Михаил Жестев - Татьяна Тарханова
Поздним вечером Игнат постучал к Одинцову. Петр Петрович открыл ему и провел в горницу.
— А я думал, куда подевался человек?
— Поговорить мне с тобой надо.
— Ежели насчет вызова к прокурору — раньше бы надо.
— Не успел.
— Сколько лет на одном комбинате работаем.
— Не смел я.
— А вот когда Сухоруков позвонил и меня спросили, что ты за человек, я дал тебе характеристику. Выходит, ты от меня прятался, а я должен был тебя видеть.
— И видел.
— Что верно, то верно, Игнат Федорович. Все ждал, когда сам расскажешь о себе.

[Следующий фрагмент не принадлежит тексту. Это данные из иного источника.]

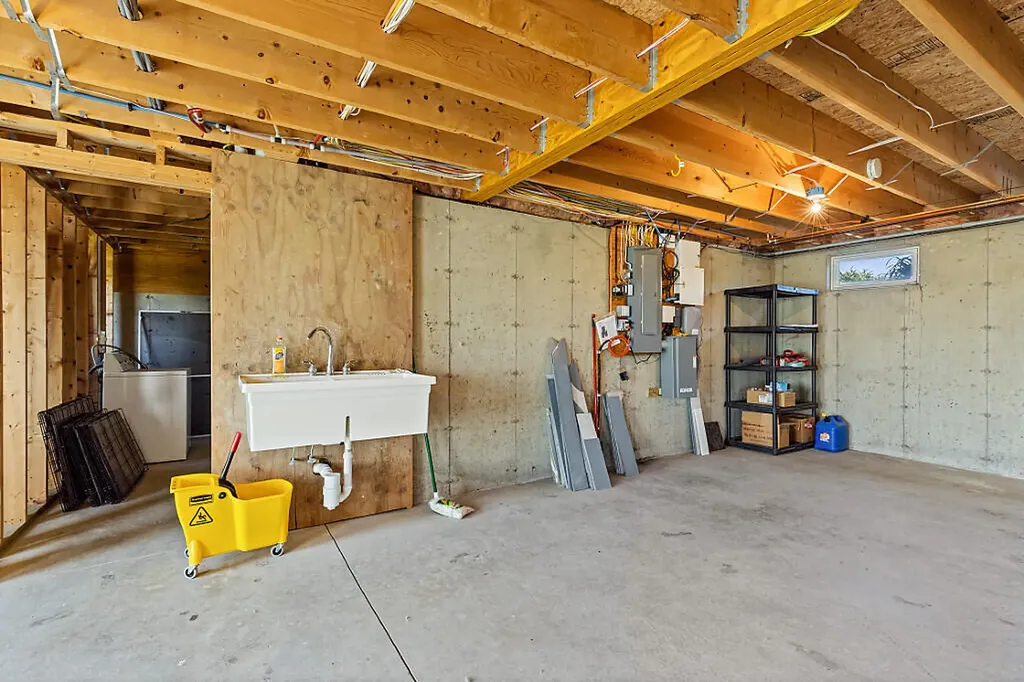1866 Clarry Hill Road Union ME 04862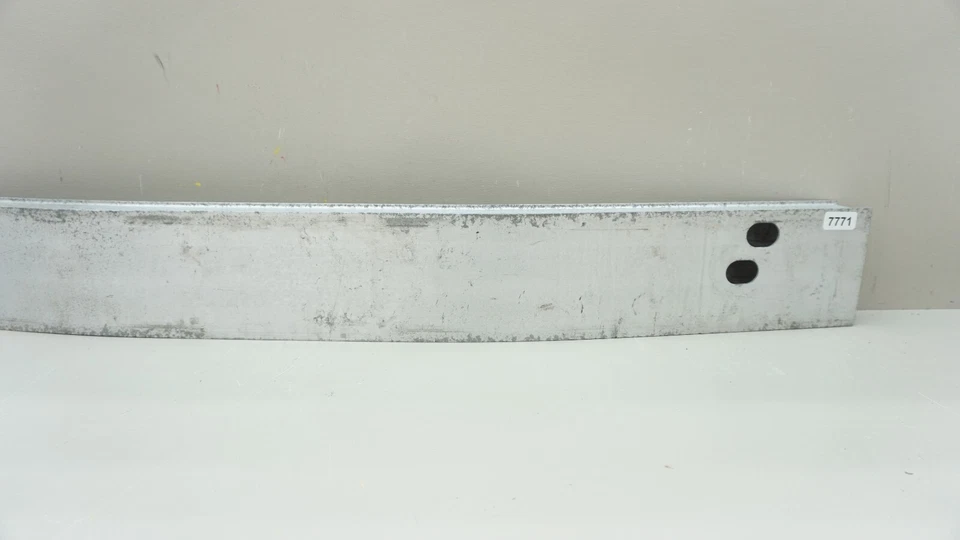 Barra de impacto de refuerzo para parachoques trasero Toyota Prius 2010-2015 OEM Foto 4 de 4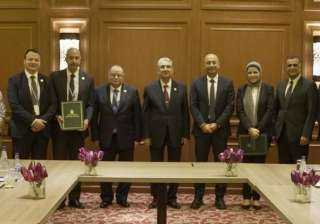 وزير الكهرباء يشهد توقيع بروتوكول...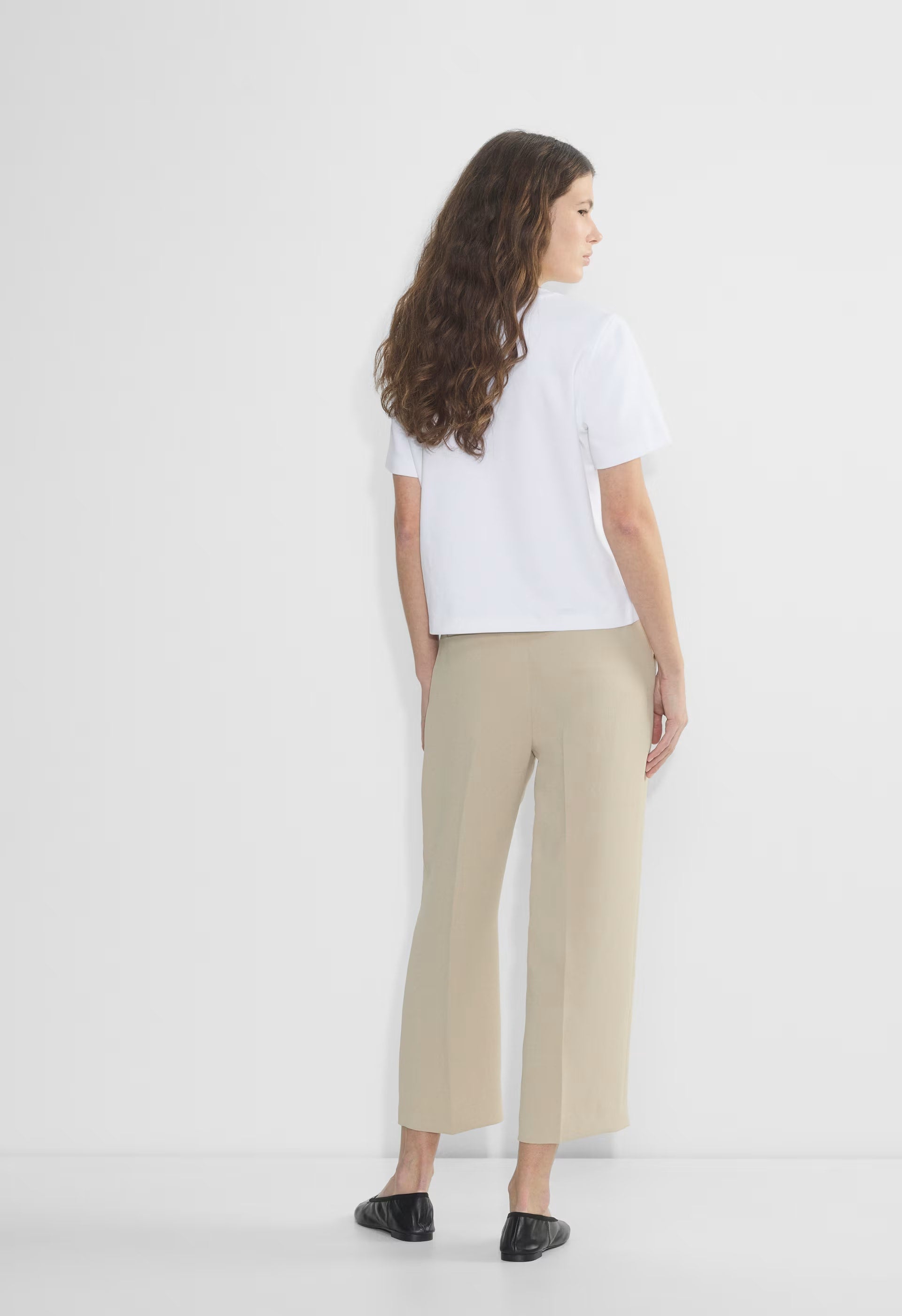 The Effortless Pant™ Cropped - Crepette™ - MARCONA BEIGE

— Я и пришел. Места себе не нахожу. — И Тарханов стал рассказывать о встрече с земляками, о том, что он видел в колхозе, о неожиданных, тяжелых думах своих. — Душу мне в Пухляках перевернуло. Совесть житья не дает. Может, надо было остаться в колхозе? Пусть попрекают. В священном писании как говорится? Мне отмщение, и аз воздам!
Тарханов ждал, что ему скажет Одинцов. Этот душой не покривит.
— Ты в священное писание лучше не лезь, — сказал Одинцов. — Оно еще никого на правильный путь не выводило. И тебе не поможет. А что касается твоей беды — иначе оно и быть не могло. Ни дать ни взять — колебания мелкособственнической стихии.
— А по-человечески ты можешь объяснить?
— Могу. Был ты кривой, стал выпрямляться. Рабочий класс тебе душу повернул.
— А горит она, понятно тебе это?
— Пройдет, Игнат Федорович.
— Пройдет? — Игнат покачал головой. — Нет, не пройдет. Невестку потерял — смирился. Сына не найду — тоже смирюсь. Но никак не прощу себе, что я людей против колхоза поднял.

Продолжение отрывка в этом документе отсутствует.